» **To do**
Return each entry word for word. Leave the images out.

» **Data supplied**

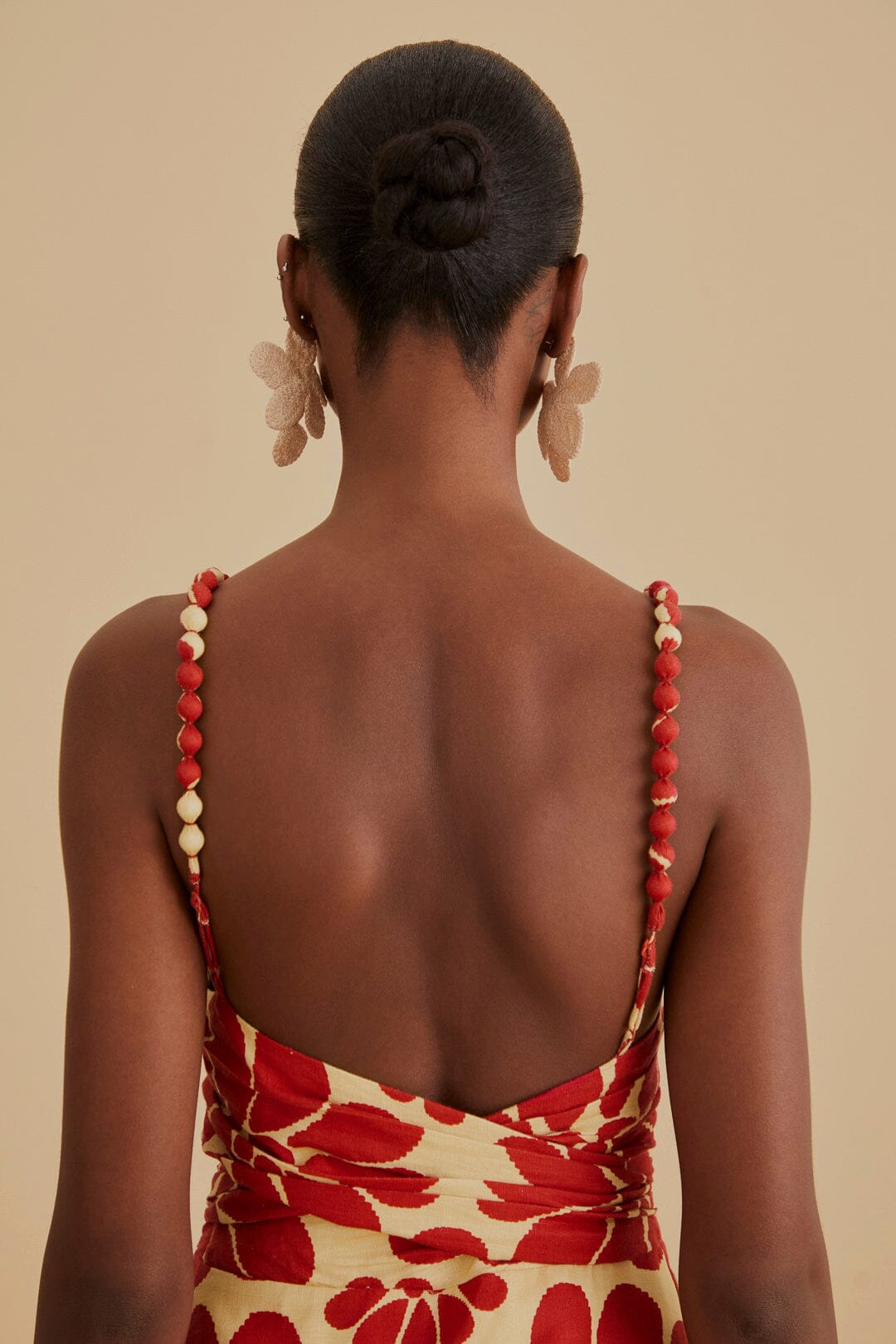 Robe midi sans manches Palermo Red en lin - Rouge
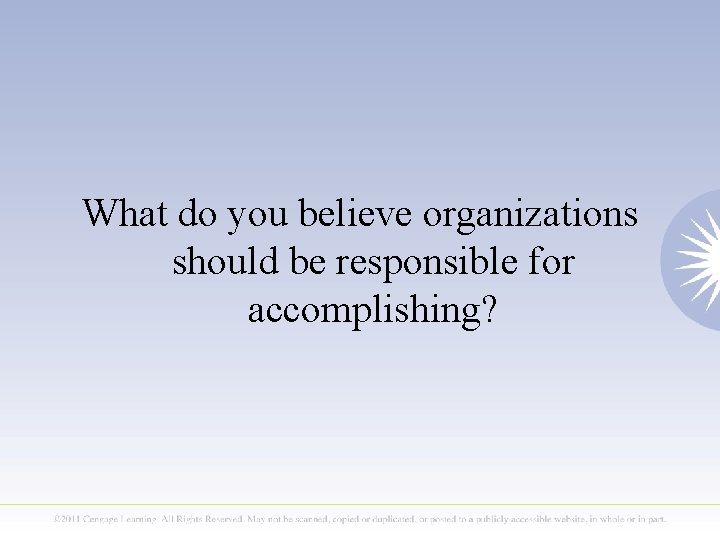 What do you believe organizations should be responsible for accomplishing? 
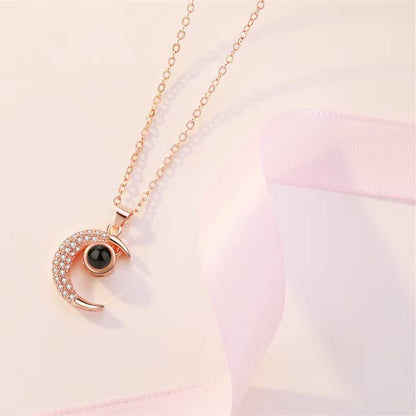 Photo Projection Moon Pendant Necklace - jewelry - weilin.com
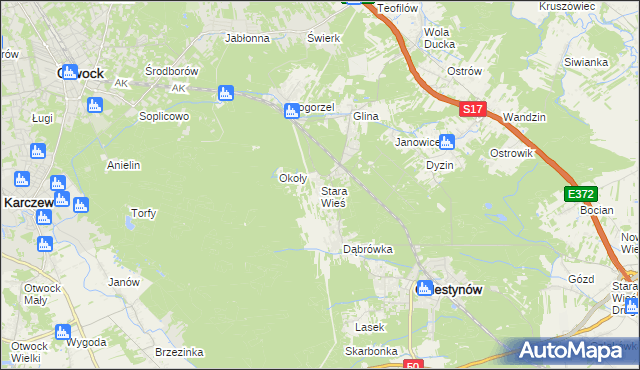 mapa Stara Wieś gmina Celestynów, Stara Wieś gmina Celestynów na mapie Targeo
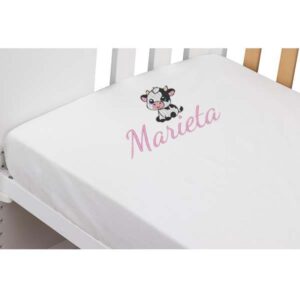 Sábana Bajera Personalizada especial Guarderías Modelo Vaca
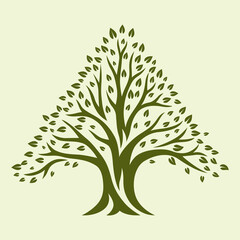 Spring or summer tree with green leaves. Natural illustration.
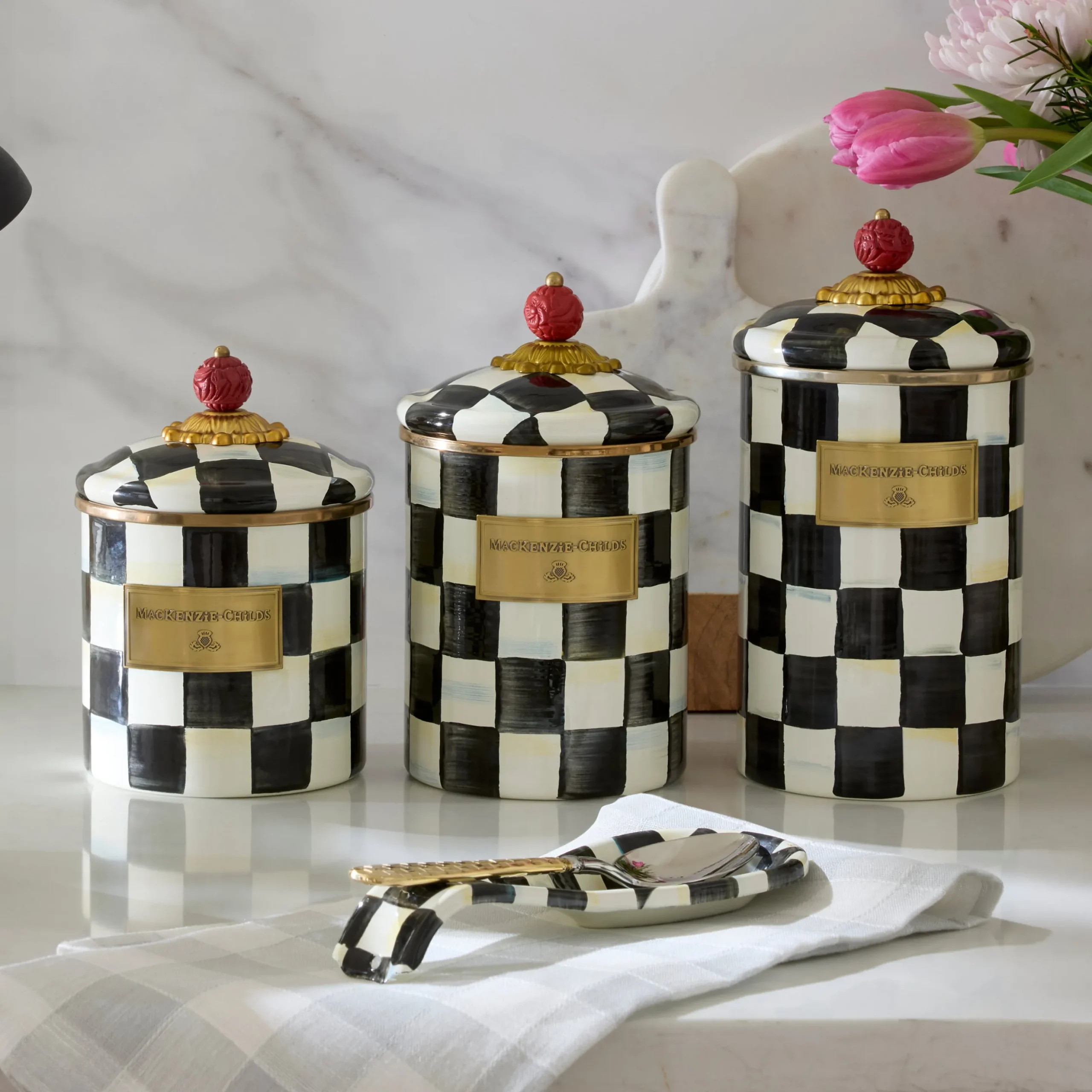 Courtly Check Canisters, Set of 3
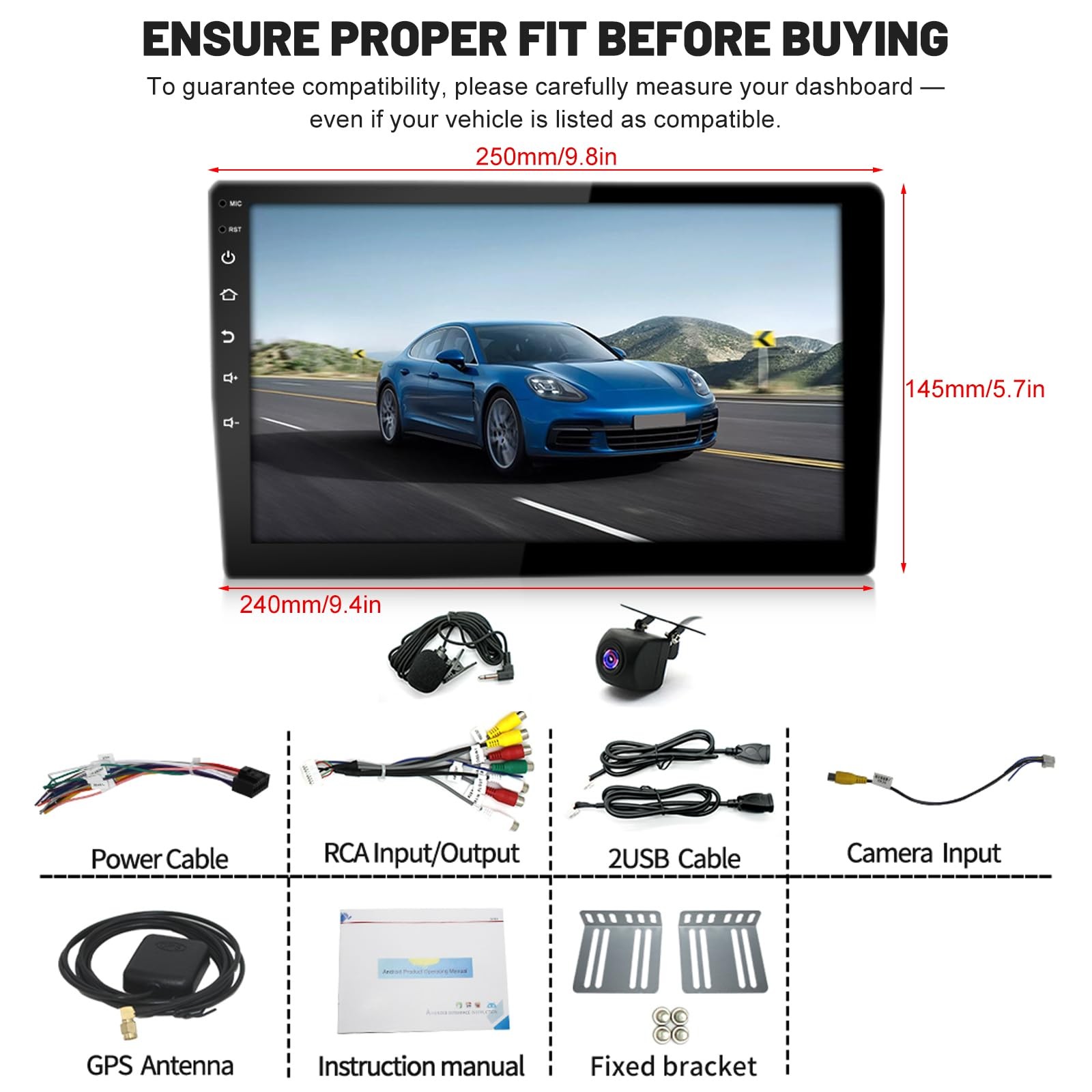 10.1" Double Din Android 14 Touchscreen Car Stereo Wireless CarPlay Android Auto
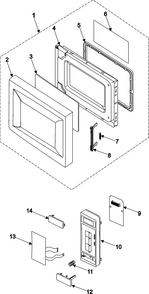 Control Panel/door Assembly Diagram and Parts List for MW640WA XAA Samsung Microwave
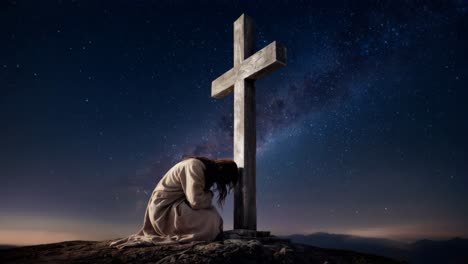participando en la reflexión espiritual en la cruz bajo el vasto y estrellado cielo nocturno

» **Solution for this exercise**
 Robe midi sans manches Palermo Red en lin - Rouge
 What do you believe organizations should be responsible for accomplishing? 
 Photo Projection Moon Pendant Necklace - jewelry - weilin.com
 mapa Stara Wieś gmina Celestynów, Stara Wieś gmina Celestynów na mapie Targeo
 Sábana Bajera Personalizada especial Guarderías Modelo Vaca
 Spring or summer tree with green leaves. Natural illustration.
 Courtly Check Canisters, Set of 3
 10.1" Double Din Android 14 Touchscreen Car Stereo Wireless CarPlay Android Auto
 Control Panel/door Assembly Diagram and Parts List for MW640WA XAA Samsung Microwave
participando en la reflexión espiritual en la cruz bajo el vasto y estrellado cielo nocturno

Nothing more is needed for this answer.